----- ENTRIES PROVIDED -----

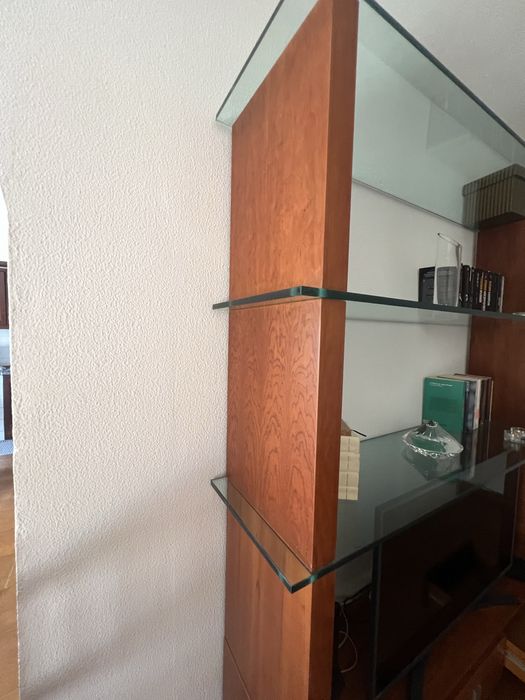 Mobilia de sala cerejeira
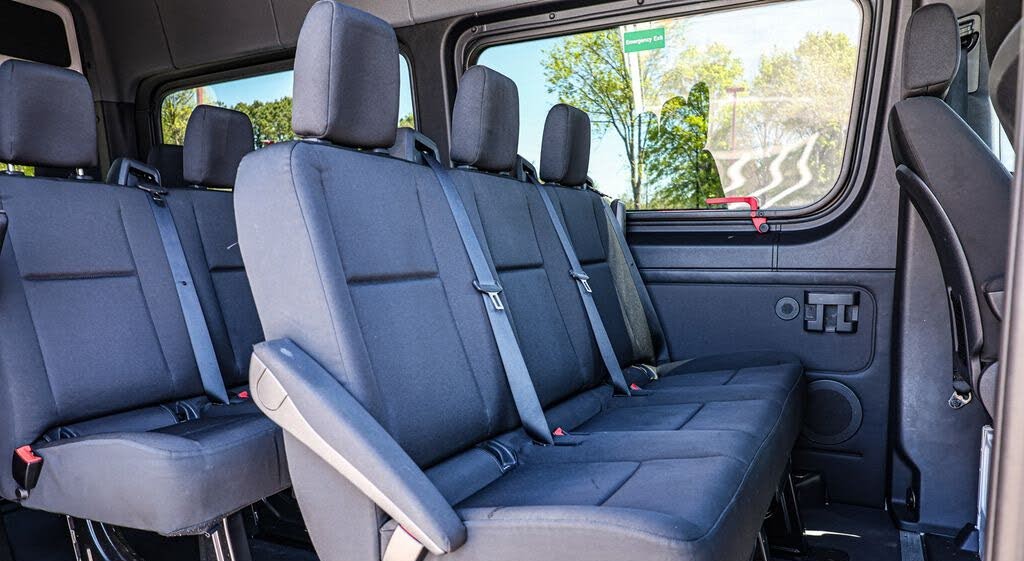 2024 Mercedes Benz Sprinter 2500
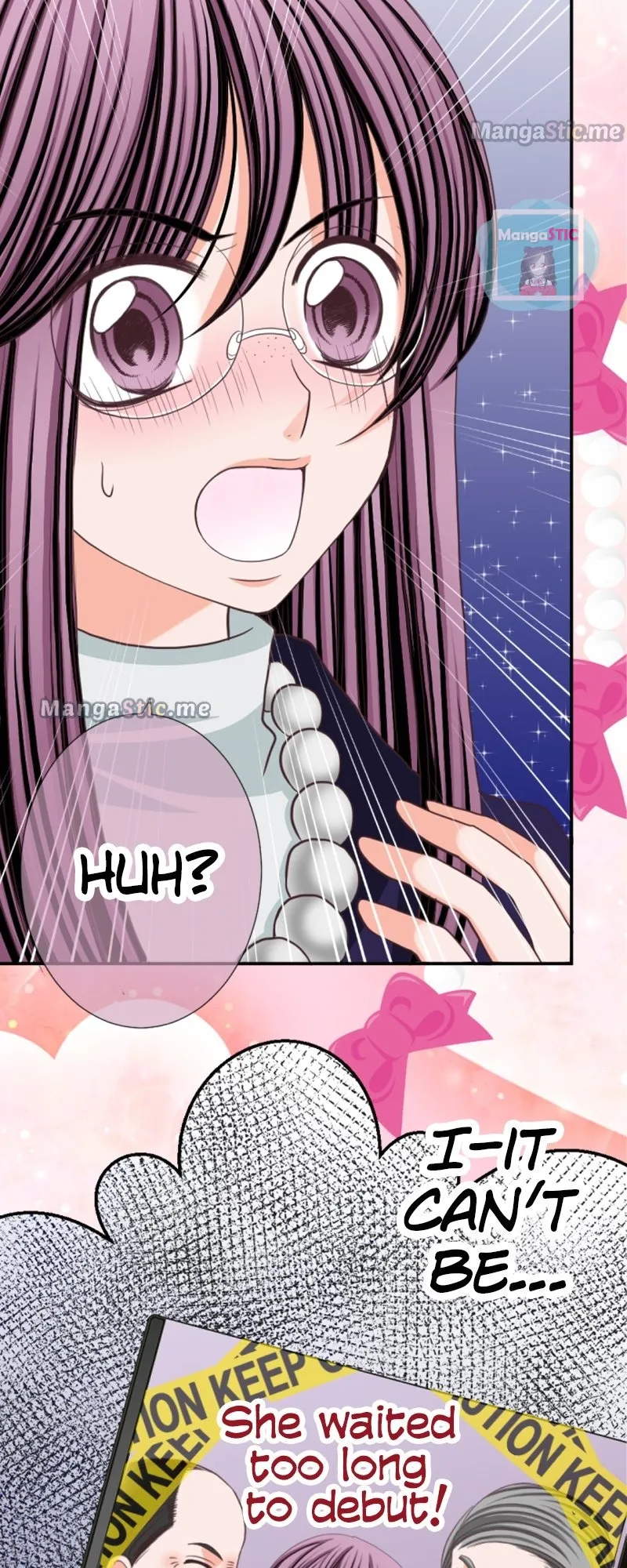 The Double Life of a Daydreaming Actress Chapter 18 - page 27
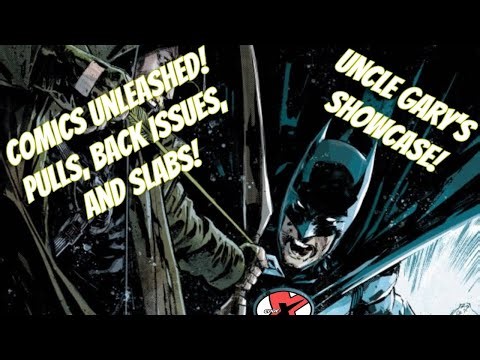 COMICS UNLEASHED — LIVE TONIGHT (Week of 1/10/26)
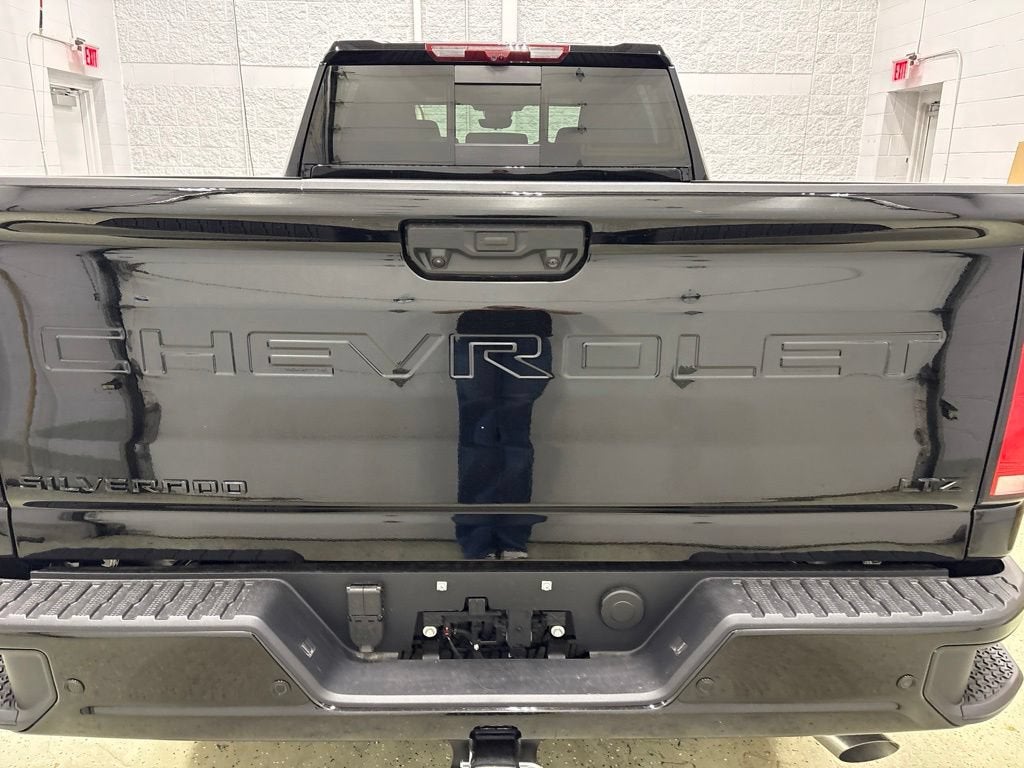 2026 Chevrolet Silverado 3500 HD LTZ Crew Cab Standard Box 4WD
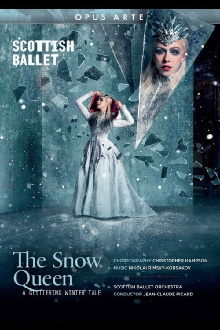 Scottish Ballet's The Snow Queen Trailer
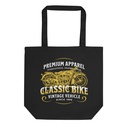 Classic Bike Eco Tote Bag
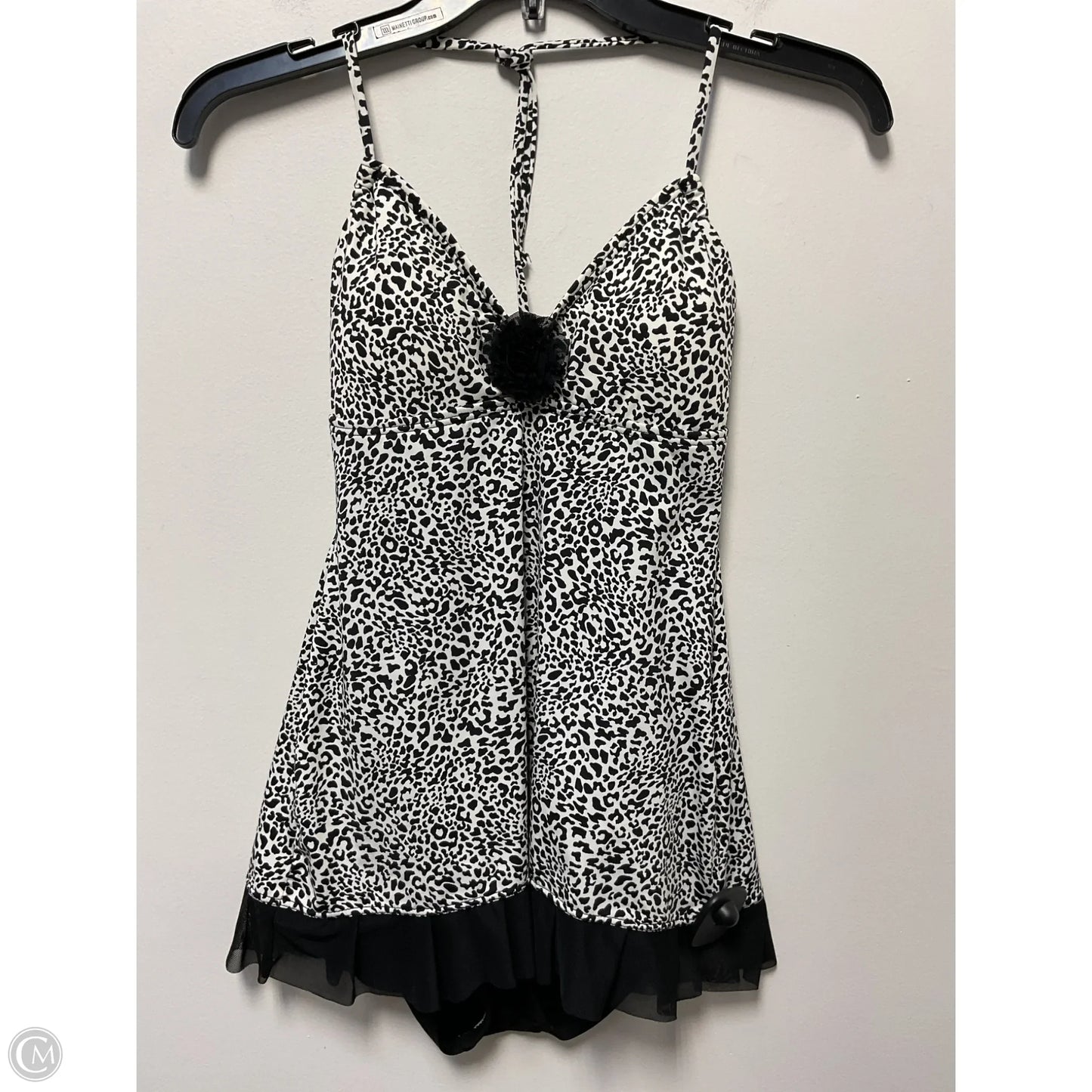 Swimsuit By Kenneth Cole Reaction In Animal Print, Size: S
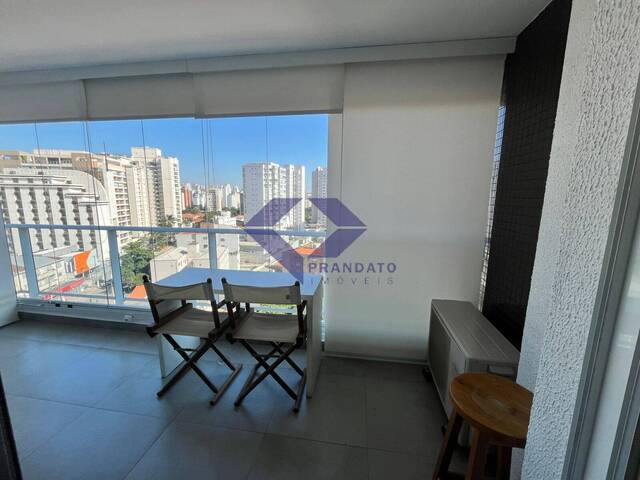 #13540 - Apartamento para Locação em São Paulo - SP - 2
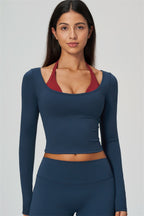 Twist Long Sleeve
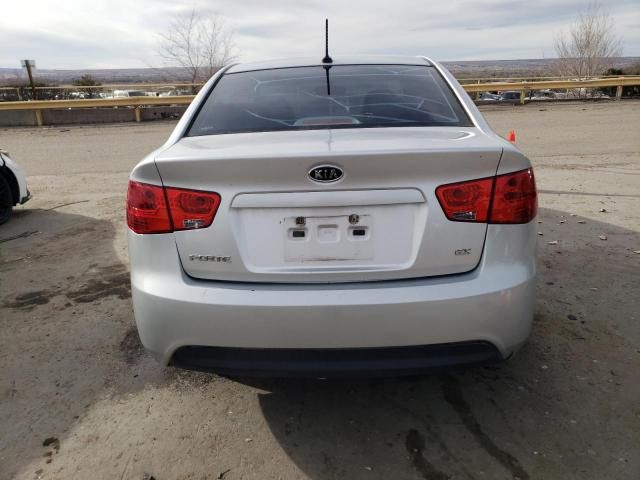 2010 KIA Forte EX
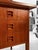 Danish Freestanding Executive Desk For Sale - Image 5 of 13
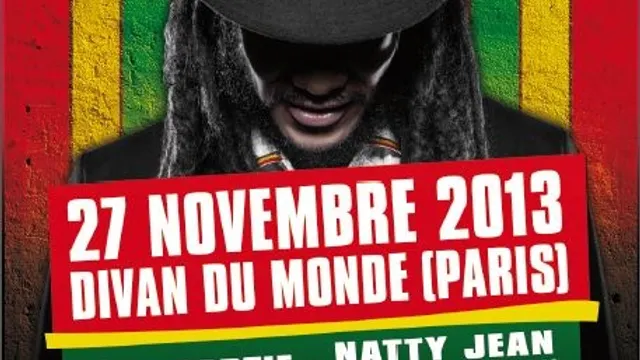 Yaniss Odua à Paris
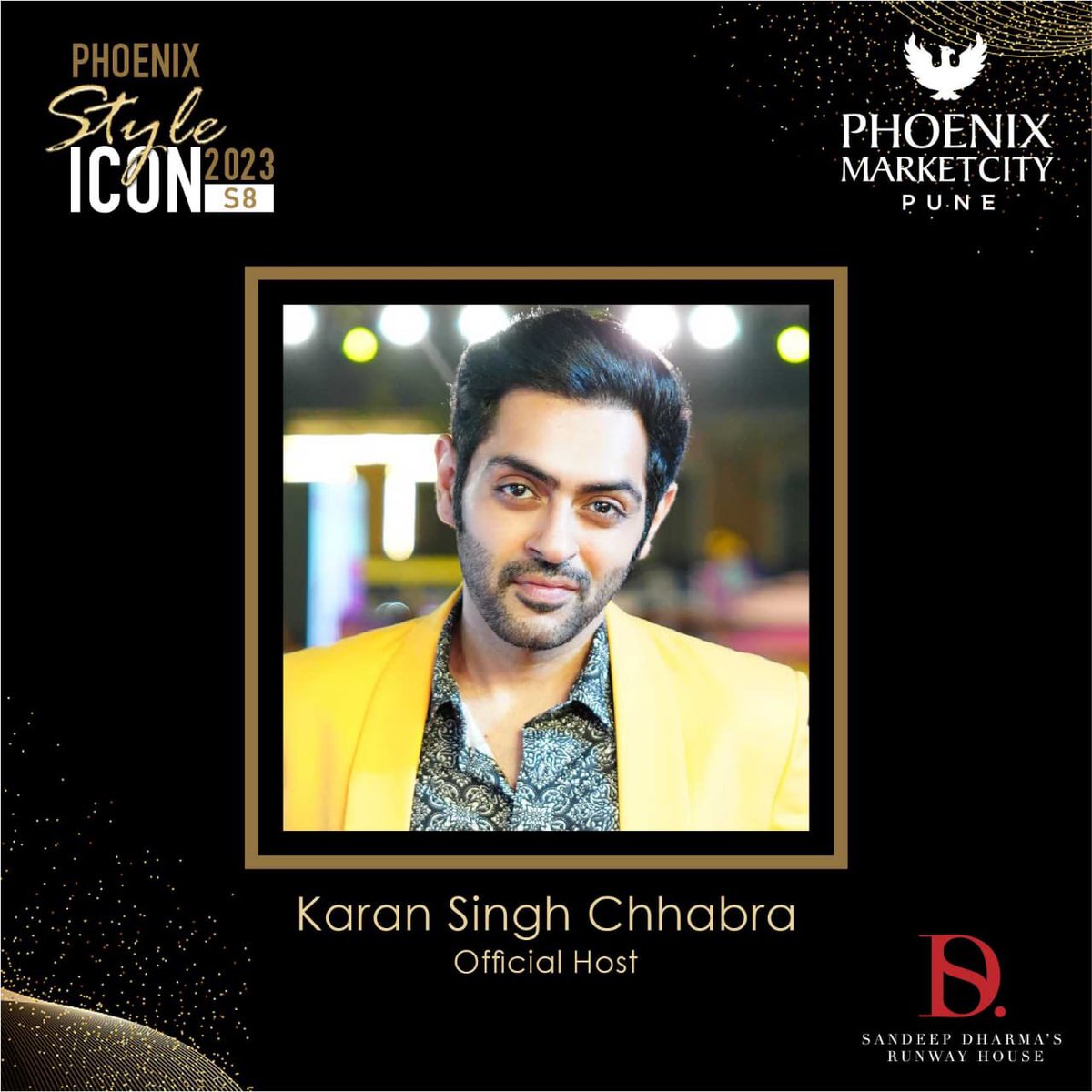 karan_chhabra's tweet image. Cant wait to witness Pune 's annual most stylish evening with Top 30 contestants from all age groups selected from over 1000 applicants to win the Title of #Phoenixstyleicon2023  ! #styleicon2023 #phoenixmarketcity #beautypageants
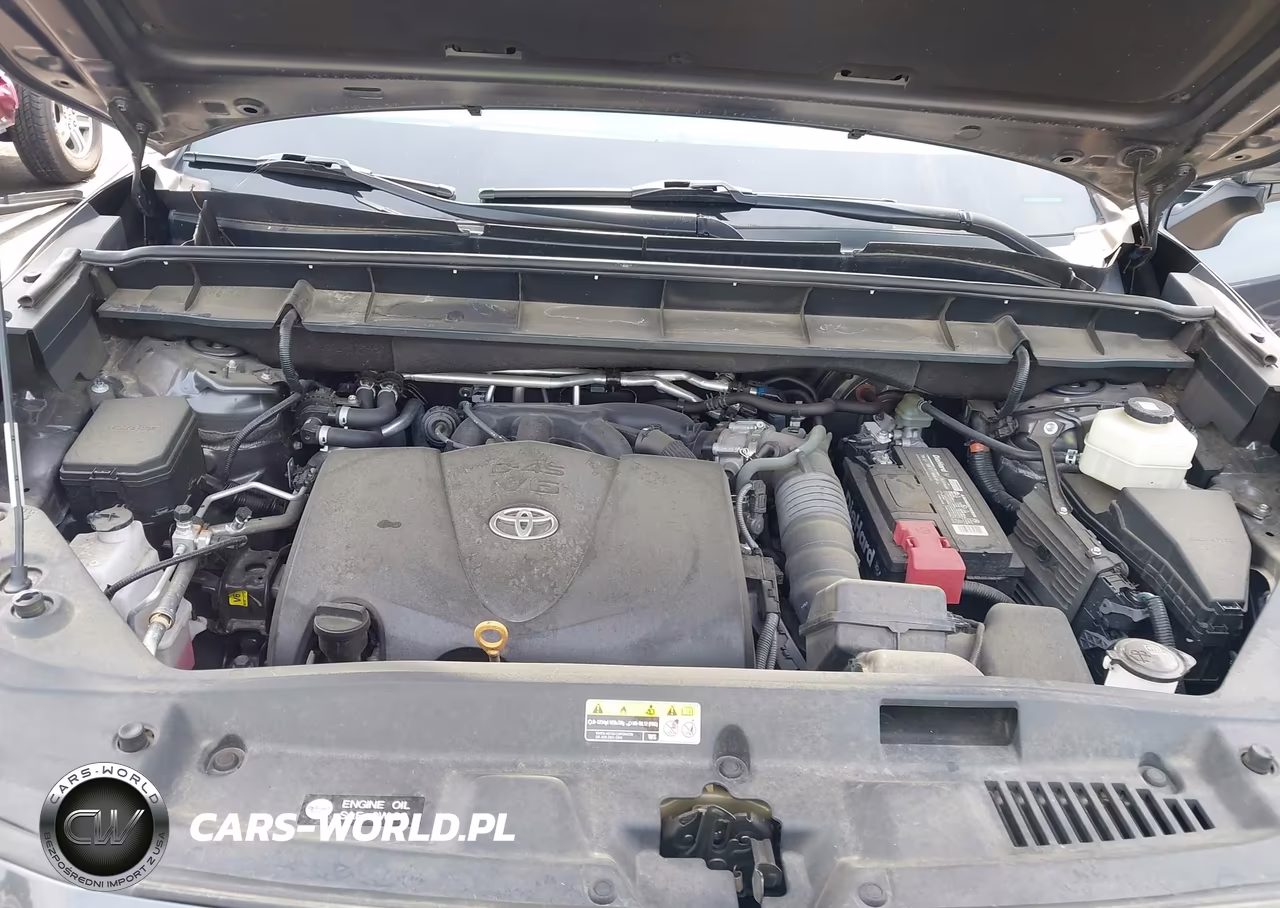 2020 Toyota Highlander Limited VIN:5TDYZRAH8LS024694 - 10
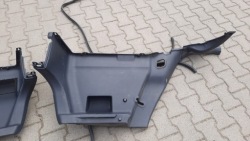 kia RIO 3 5D карта дверная багажника правый задний состояние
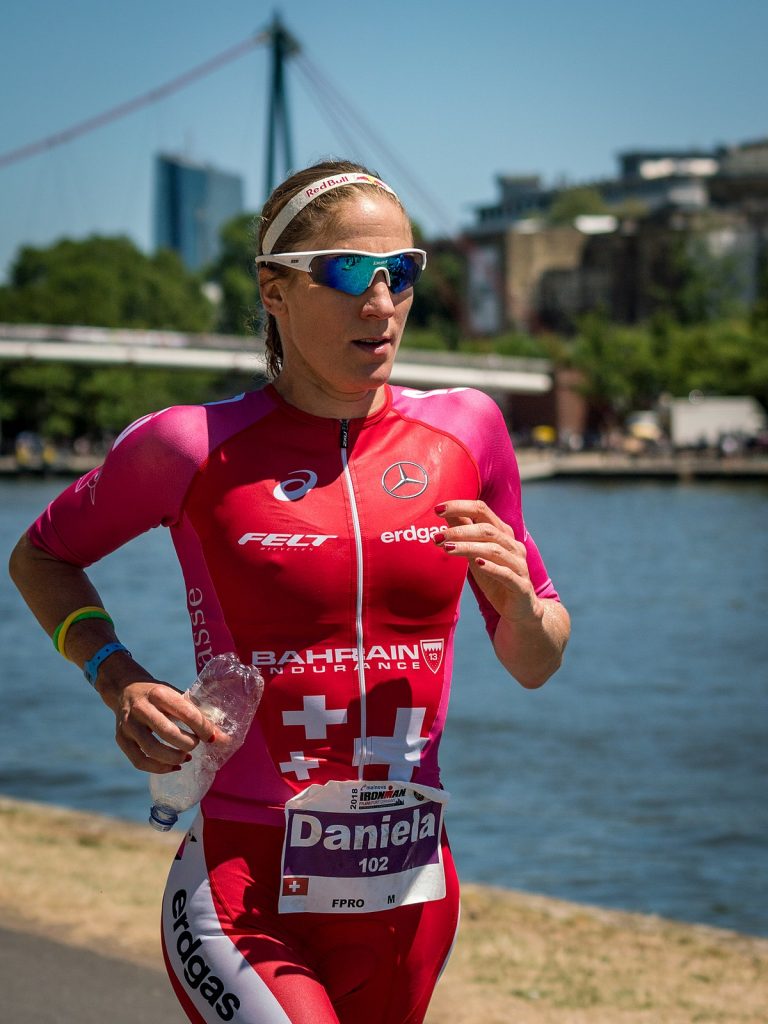 Daniela Ryf repetirá fórmula que le llevó al éxito en 2018 de descanso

-----

Type out the entries again without a single change, and leave the pictures out.

▶ WRITTEN RESPONSE:
 Mobilia de sala cerejeira
 2024 Mercedes Benz Sprinter 2500
 The Double Life of a Daydreaming Actress Chapter 18 - page 27
 COMICS UNLEASHED — LIVE TONIGHT (Week of 1/10/26)
 2026 Chevrolet Silverado 3500 HD LTZ Crew Cab Standard Box 4WD
 Scottish Ballet's The Snow Queen Trailer
 Classic Bike Eco Tote Bag
 Swimsuit By Kenneth Cole Reaction In Animal Print, Size: S
 #13540 - Apartamento para Locação em São Paulo - SP - 2
 Twist Long Sleeve
 2010 KIA Forte EX
 Danish Freestanding Executive Desk For Sale - Image 5 of 13
 Yaniss Odua à Paris
 karan_chhabra's tweet image. Cant wait to witness Pune 's annual most stylish evening with Top 30 contestants from all age groups selected from over 1000 applicants to win the Title of #Phoenixstyleicon2023  ! #styleicon2023 #phoenixmarketcity #beautypageants
 2020 Toyota Highlander Limited VIN:5TDYZRAH8LS024694 - 10
 kia RIO 3 5D карта дверная багажника правый задний состояние
 Daniela Ryf repetirá fórmula que le llevó al éxito en 2018 de descanso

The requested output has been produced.